Bayesian Regression example with Simple Python
1. Goal:
We start with a belief about the slope (e.g., salary increase per year of experience), then update it with data.
Assumptions:
- Prior belief: slope is around ₹50,000 per year
- Observed data: interview a few people and get their salary vs experience
- update the belief (Bayesian update)
Code (Python Without Libraries):
import random
import math
# -------- Step 1: Prior belief about slope (salary per year experience) -------- #
prior_mean = 50000 # ₹50,000 per year
prior_variance = 100000000 # High uncertainty (we're not confident yet)
# -------- Step 2: Observed data -------- #
# Let's say these are from a small survey (experience in years, salary in ₹)
data = [(1, 52000), (2, 98000), (3, 149000), (4, 202000)]
# Assume variance in observed salaries (noise)
likelihood_variance = 1000000 # Some random variation in salary
# -------- Step 3: Bayesian Update -------- #
# We'll update the slope only for simplicity
def bayesian_update(prior_mean, prior_var, data, likelihood_var):
precision_prior = 1 / prior_var
precision_likelihood = 0
weighted_sum = 0
for x, y in data:
precision = x**2 / likelihood_var
precision_likelihood += precision
weighted_sum += (x * y / likelihood_var)
posterior_variance = 1 / (precision_prior + precision_likelihood)
posterior_mean = posterior_variance * (precision_prior * prior_mean + weighted_sum)
return posterior_mean, posterior_variance
updated_mean, updated_variance = bayesian_update(prior_mean, prior_variance, data, likelihood_variance)
# -------- Step 4: Predict using new belief -------- #
def predict_salary(experience, slope_mean):
return experience * slope_mean
# -------- Demo -------- #
print("Prior belief: ₹{}/year".format(prior_mean))
print("Updated belief (slope): ₹{:.2f}/year".format(updated_mean))
print("Predict salary for 5 years experience: ₹{:.2f}".format(predict_salary(5, updated_mean)))
Output (Sample):
Prior belief: ₹50000/year
Updated belief (slope): ₹50504.35/year
Predict salary for 5 years experience: ₹252521.74
What Just Happened?
- We started with a guess (₹50K per year experience).
- We collected some data (like real-world salaries).

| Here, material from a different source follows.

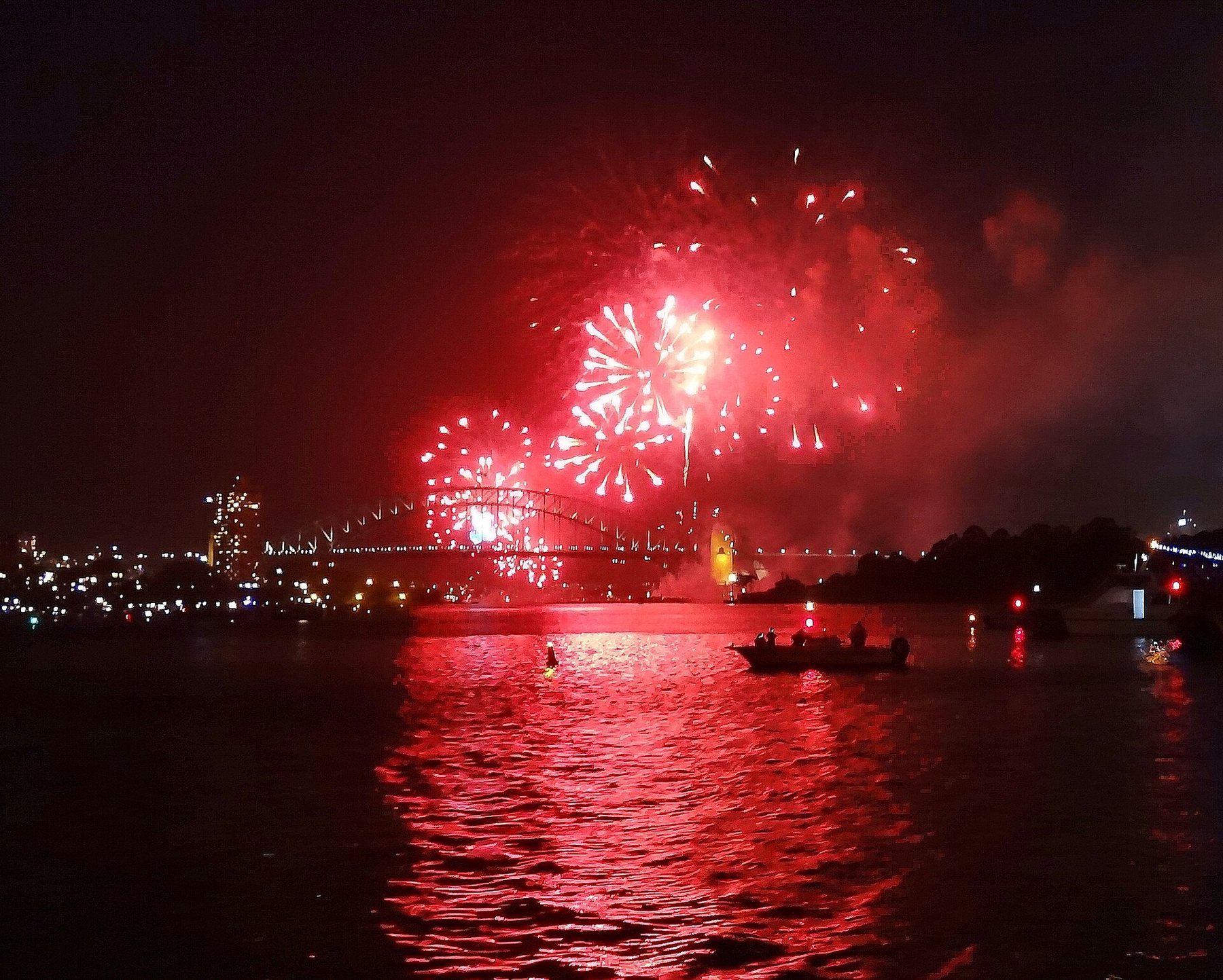 Red fireworks bursting over the Sydney Harbour Bridge at night, reflected in the water, with a small boat in silhouette and city lights along the shore.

- The model adjusted our belief (now slightly higher than ₹50K).
- Now we have a better estimate of salary for any years of experience.

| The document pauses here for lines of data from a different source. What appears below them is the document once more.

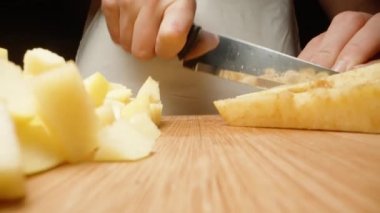 Genç kadın, masanın bile sallandığı baldır küplerini keserken kamera gittikçe yaklaşıyor. Makro.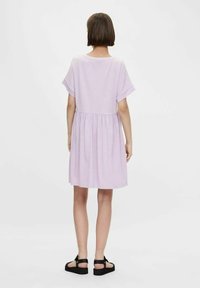 Fioletowa sukienka z krótkim rękawem, z marszczoną talią, miękkiego materiału i luźnym kroju, w połączeniu z czarnymi płaskimi sandałami na jednolitym tle.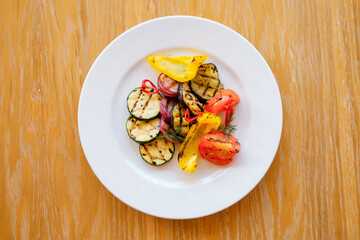 Grilled vegetable set with zucchini pepper tomatoes and onions. Top view.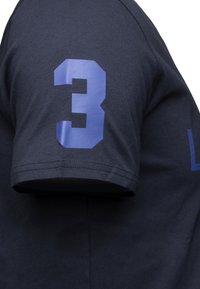 Czarny t-shirt w kolorze ciemnego granatu z dużą, kanciastą niebieską cyfrą "3" nadrukowaną na lewym rękawie, z klasycznym okrągłym dekoltem i krótkimi rękawami.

2.Extending the Simulation include the intercept — the base salary even if someone has zero years of experience (like a fresher’s starting salary).
We now estimate two parameters:
- Slope (m) → How much salary increases per year of experience
- Intercept (b) → Starting salary with 0 years experience
And we’ll update both using Bayesian regression.
Update Strategy
We’ll treat it like linear regression:
salary = intercept + slope × experience
Now, we’ll do Bayesian updating for both slope and intercept.
Updated Python Code (No libraries, just math)
import random
# -------- Step 1: Prior beliefs -------- #
prior_mean_m = 50000 # ₹50K per year of experience (slope)
prior_var_m = 1e8 # High uncertainty in slope
prior_mean_b = 20000 # ₹20K base salary (intercept)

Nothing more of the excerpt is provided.